3 — The Game State

Due Thursday, 15 October 2020, 11:59:59pm

Delivery Place the product of this week’s project steps into your repo as follows:

You may create Other/ directories in both 3 and Fish.

Programming Task Design and implement a game state data representation, including the following operations. A game state represents the current state of a game: the state of the board, the current placements of the penguins, knowledge about the players, and the order in which they play.

A game state representation may be used by the referee component to perform turns and check rule-conforming behavior. A player component can use it for planning purposes.

The game-state representation should come with the following pieces of functionality:
  • creating a state for a certain number of players;

  • place an avatar on behalf of a player;

  • move an existing avatar from one spot to another on behalf of the player;

  • determine whether any player can move an avatar; and

  • rendering the state graphically.

    If your programming language supports pictures as values—like say BSL and ISL in F I—-your method or function may return such a picture. Otherwise it consumes a window and adds it to a window.

You might need other operations to design these. Consider making those public if you see a need for players or referees to use them.

Design Task Both referees and (well-behaved) players will need to check whether an action is legal according to the rules of Fish. A well-chosen data representation will enable two different mechanisms to check rules and to plan a player’s next move (based on some look-ahead).

Describe a data representation for representing entire games. Roughly speaking, a game is a tree of all potential moves in any state reachable from a given starting point. Assume that the starting point is a state in which all players have placed all their available penguins. Both the referee and the players can use this structure to check the validity of actions or plan ahead.

Such descriptions typically mix nglish and references to the data sub-language of your chosen programming language. Add a description of an external interface; this may look like the wish lists from Fundamentals I and II. Distinguish the two parts clearly.

The memo must not exceed two pages. Less is more.

Testing Task Create a test harness named xboard. The harness consumes its JSON input from STDIN and produces its results to STDOUT. Create three tests and place them in the specified folder.

The tests are formulated as pairs of files: <n>-in.json, the input, and <n>-out.json, the expected result, for an integer <n> greater or equal to 1.

Its inputs is an object with two fields:


    Board-Posn is

      { "position" : Position,

        "board" : Board}


    Board is a JSON array of JSON arrays where each element is

    either 0 or a number between 1 and 5.
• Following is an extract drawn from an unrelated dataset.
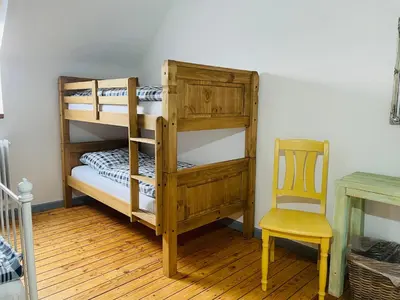 Ein Bett oder Betten in einem Zimmer der Unterkunft Ferienhaus Backesgarten für 22 Personen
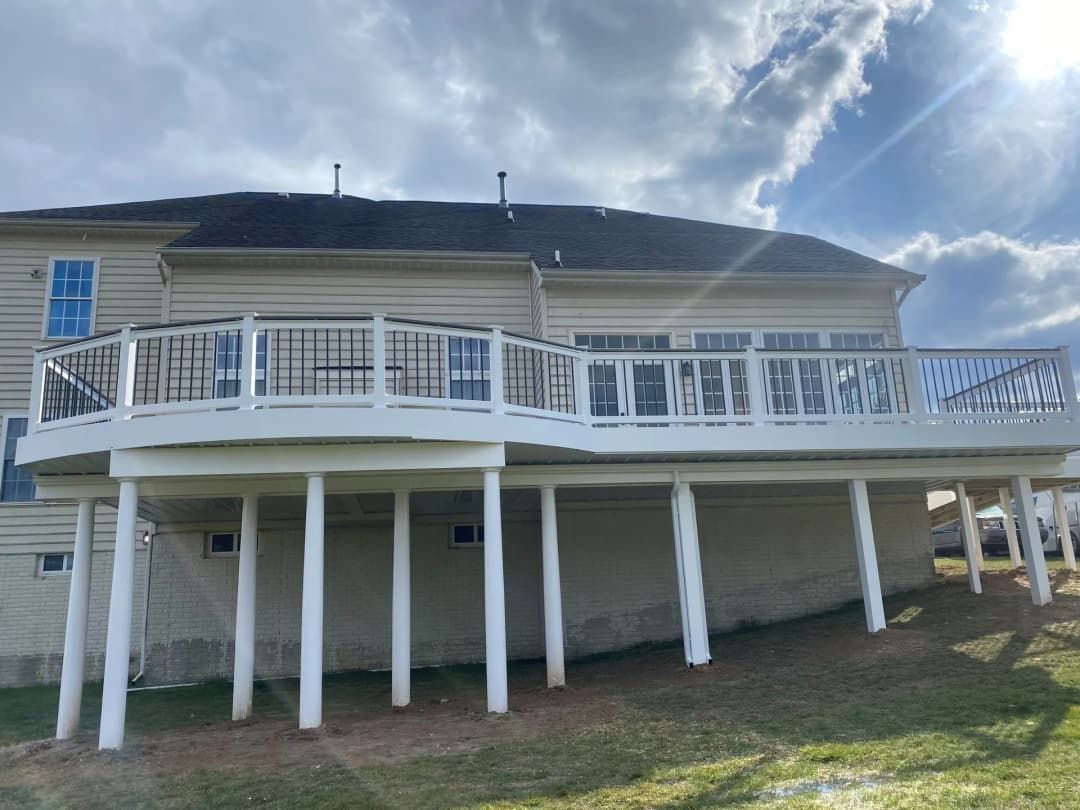 A two-story house with a white deck supported by pillars. Overcast sky.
    The size of the board may not exceed a total of 25 spots.

    INTERPRETATION A 0 denotes a hole in the board configuration. All other

    numbers specify the number of fish displayed on the tile.


    Position is a JSON array that contains two natural numbers:


    INTERPRETATION The position uses the computer graphics coordinate system

      meaning the Y axis points downwards. The position refers to a tile with at least one fish on it.

Its expected outputs is the number of tiles on the board that can be reached from the specified position.

Since boards with hexagonal tiles are somewhat unusual, here are two examples that graphically explain how JSON board specifications are interpreted:





Both sample inputs specify the top-most, left-most position as the one to analyze.

Well-formed and Valid You may assume that all inputs for your test harnesses will be well-formed JSON and valid according to the homework descriptions. As a reminder, a well-formed Position would be [1001,2], but it would be invalid for the above boards; [0,1] would be well-formed and valid for both of these boards.

Beyond integeration testing, we should eventually move to stress testing. The course will touch on this idea in November or December.

Pedagogy Besides unit tests, multi-component projects also need integration tests. Such tests compose several components and run tests on the composite that exercise functions across the components. This task is a lightweight illustration of this idea.

Some of you may not have pruned straight lines at holes in the board or even avatars on the board (though that is not a part of the board data representation anyways). For the grading of 2 — The Game Pieces this does not make a difference. But, for this testing task, it does. Please see the revision of Fish.

You will have to add code to deal with the (de)serialization between your chosen data representation and JSON.

When a milestone assignment requests such test harnesses, you should not need—but you may have—to modify the core functionality from the previous milestone. Instead, it may suffice to bridge the gap between the external data representation and your internal one within the test harness. This second option tends to be better than changing your code because you don’t run into danger of upsetting well-tested logic.

Like unit tests, an integration test may check properties of expected outcomes, instead of the complete outcome.

You may wish to place unit tests into Other/ if your chosen programming language does not permit co-mingling tests with the code for xboard within 3.